*AIM OF THE TASK*: In the entries below, repeat only the lines between those holding "Used 2023 Ford" and "Au Canada cependant, après", inclusive. Leave pictures out.

*EXERCISE MATERIAL*:
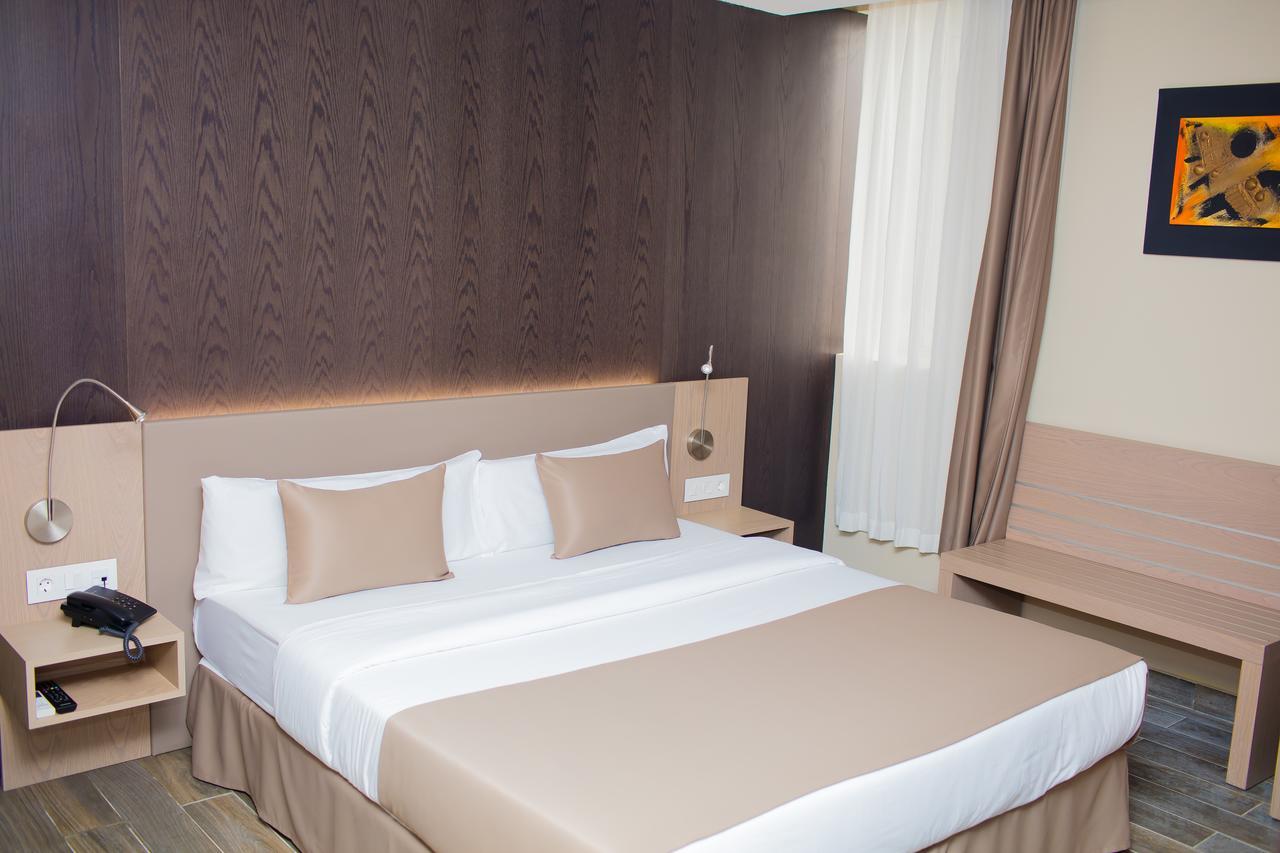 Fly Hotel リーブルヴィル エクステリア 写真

---

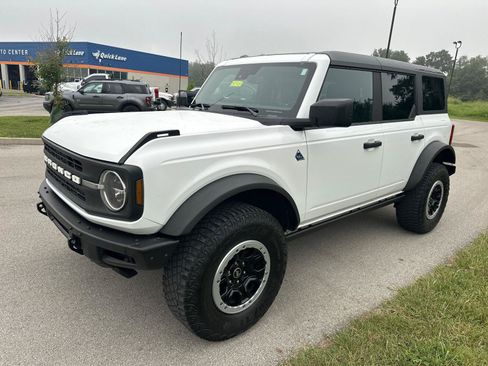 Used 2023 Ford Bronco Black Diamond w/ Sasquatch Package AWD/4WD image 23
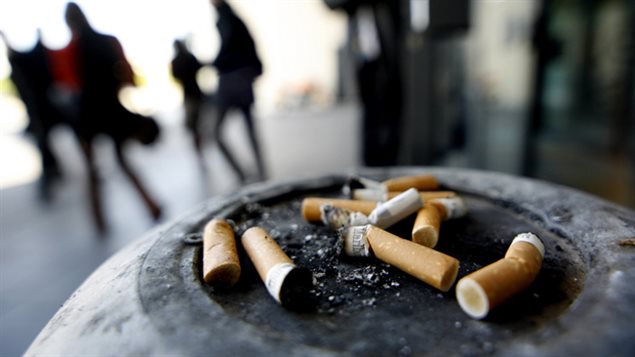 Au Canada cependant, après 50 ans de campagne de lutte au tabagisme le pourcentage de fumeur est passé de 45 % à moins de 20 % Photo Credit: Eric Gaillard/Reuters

*REPLY TO THE EXERCISE*:
 Used 2023 Ford Bronco Black Diamond w/ Sasquatch Package AWD/4WD image 23
 Au Canada cependant, après 50 ans de campagne de lutte au tabagisme le pourcentage de fumeur est passé de 45 % à moins de 20 % Photo Credit: Eric Gaillard/Reuters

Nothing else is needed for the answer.